Mijn persoonlijke manier om ermee om te gaan
Alleen al meer weten over deze vorm van slapeloosheid heeft me erg geholpen. Net als accepteren dat ik geneigd ben te piekeren en te veel te piekeren.
Enige praktische dingen die ik doe om te helpen zijn:
- Ik heb geen klok in de slaapkamer. Mijn telefoon is mijn wekker, en die zet ik ’s nachts uit, omdat het alarm hem dan weer aanzet.
- Doe ’s morgens niet te veel aandacht aan lichamelijke gevoelens. Ik word vaak wakker met ‘hete ogen’ zoals ik het noem. Ik probeer dit te negeren en het niet te zien als een teken van slecht slapen.
- Ik ben grote inspanningen gaan leveren om stress en angst in mijn leven aan te pakken. Ik beoefen mindfulness meditatie en yoga, ga regelmatig naar de sportschool, eet gezond, praat meer over mijn problemen en doe ’s avonds geen stressvolle dingen.
- Ik beoefen een goede slaaphygiëne, zoals geen cafeïne ’s avonds, heb een consistente bedtijdroutine, zorg voor een comfortabele slaapkamer.
- Als ik het gevoel heb dat ik ’s nachts wakker ben, herinner ik mezelf eraan om er niet over te stressen.

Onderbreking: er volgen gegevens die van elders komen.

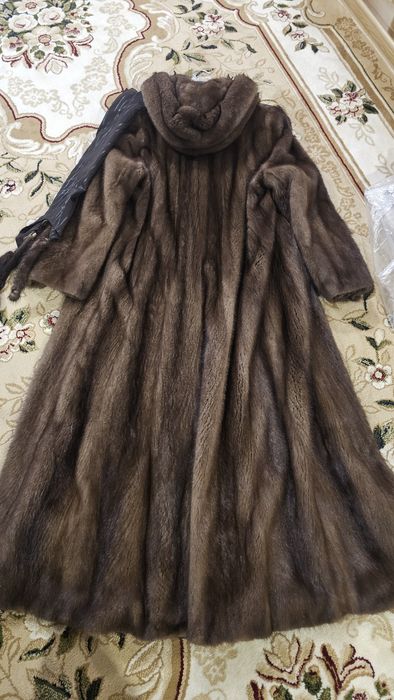 Продам норковую шубу с капюшоном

Ik doe wat eenvoudige ontspannings-/meditatieoefeningen, en dat helpt meestal.
- Als ik ervan overtuigd ben dat ik slecht heb geslapen, probeer ik mijn dag er niet door te laten beïnvloeden. Ik herinner mezelf eraan dat heel vaak een douche, een goed ontbijt en koffie het wazige gevoel verhelpen als ik voor het eerst wakker word.
Jouw gedachten
Heeft men je verteld dat je paradoxale slapeloosheid hebt? Of is het iets waarvan u vermoedt dat u het heeft? Wat helpt u volgens u om beter te slapen?